Barack Obama was sold to us during the campaign as a brilliant Constitutional scholar. Does the Contitution prevent him from accepting the Nobel Prize? There seems to be some question about this, at least in the minds of people who are willing to entertain the question--unlike Constitutional Scholar Obama, who will fly to Norway with apparent unconcern, dress himself up in white tie and tails, and accept the award with another one of his "It's All About Me" speeches.

J.P. Freire has written two recent opinion pieces on the issue in the Washington Examiner: the first, "Can a Sitting President Receive a Nobel Peace Prize? and the second, "Foreign Meddling Behind Nobel Peace Prize Ignored by Obama."

Freire points out, from Article I, Section 9 of the Constitution: No Title of Nobility shall be granted by the United States: And no Person holding any Office of Profit or Trust under them, shall, without the Consent of the Congress, accept of any present, Emolument, Office, or Title, of any kind whatever, from any King, Prince, or foreign State.

So evidently Obama may accept the award, but Congress will have to vote to allow him to do it. However, that begs the question, shouldn't a sitting president be scrupulous in avoiding even the appearance of impropriety and foreign meddling? Asks Friere, So what is the propriety of a sitting wartime president accepting an award from a foreign committee that is merely an expression of repudiation for the behavior of his predecessor?



As Jonathan Freedland points out in a post on the NYRblog: The peace prize is chosen by politicians representing a country with a population half the size of London. Whatever their Norwegian affiliations, all five would, if transplanted to the US, belong on the liberal end of the political spectrum: the center of gravity in Nordic politics is simply much further to the left than it is in the US. Besides, on foreign policy there is a Norwegian consensus. It favors multilateralism, yearns for nuclear disarmament, and believes in international institutions, revering the United Nations above all.

Freedland remarks on a concern that Norway's Nobel committee may have tied his Obama's hands—making it harder for the President, as a Peace Prize laureate, to take military action against Iran or escalate in Afghanistan. They will hope, at the very least, to bind him into further action on nuclear arms and to keep faith with the UN. Judging from the makeup of the committee, Freedland's concerns seem warranted--or at least the subject of a debate that ought to occur when Congress votes to allow Obama to accept the award. But I'm not holding my breath. I'm just guessing, but if such a vote were to occur, it would be behind closed doors, in the dead of night, unreported by the lame stream media.

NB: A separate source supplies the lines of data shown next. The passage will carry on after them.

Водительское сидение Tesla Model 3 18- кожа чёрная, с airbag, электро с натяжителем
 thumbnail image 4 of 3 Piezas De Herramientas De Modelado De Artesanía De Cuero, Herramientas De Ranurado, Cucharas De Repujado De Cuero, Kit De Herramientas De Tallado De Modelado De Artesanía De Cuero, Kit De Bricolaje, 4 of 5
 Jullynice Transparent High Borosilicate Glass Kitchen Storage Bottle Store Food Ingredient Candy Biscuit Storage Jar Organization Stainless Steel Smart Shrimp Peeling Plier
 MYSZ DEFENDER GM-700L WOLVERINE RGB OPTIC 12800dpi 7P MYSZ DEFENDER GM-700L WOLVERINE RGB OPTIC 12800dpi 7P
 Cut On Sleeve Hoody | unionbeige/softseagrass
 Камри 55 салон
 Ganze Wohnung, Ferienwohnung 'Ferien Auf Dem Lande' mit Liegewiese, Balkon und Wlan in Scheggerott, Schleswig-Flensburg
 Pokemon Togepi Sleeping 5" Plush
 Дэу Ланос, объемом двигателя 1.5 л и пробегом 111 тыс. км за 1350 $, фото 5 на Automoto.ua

Here's a thought: why not avoid the issue of impropriety and foreign meddling altogether? A totally rhetorical question, of course, in the case of Obama, but just play along here for one minute. Better that he had declined the award, and there is some precedent for Obama, as a sitting president, to have done that--or at the very least to put off accepting it until he's out of office. Theodore Roosevelt was awarded the Nobel Peace Prize in 1906 for his work in the negotiations that led to the Treaty of Portsmouth, ending the Russo-Japanese War in 1905 (something he actually accomplished, not something he hoped to accomplish). However, TR did not pick up the prize money (or the prize itself) until 1910, when he visited Europe after his African Safari. He did not feel right accepting the prize while he was in office. Freire suggests in the article that to avoid the appearance of foreign meddling in U.S. affairs, Obama could have given the award the Giuliani treatment: Thanks, but no thanks.

Update: 16 Oct 2009. I haven't heard anything about this in the press except for this article in the Washington Post: "An Unconstitutional Nobel," by Ronald D. Rotunda and J. Peter Pham. I still think the Congress will vote on this in the middle of the night sometime when they think no one is looking.

Ronald D. Rotunda is distinguished professor of jurisprudence at Chapman University Law School.
J. Peter Pham is senior fellow at the Foundation for Defense of Democracies.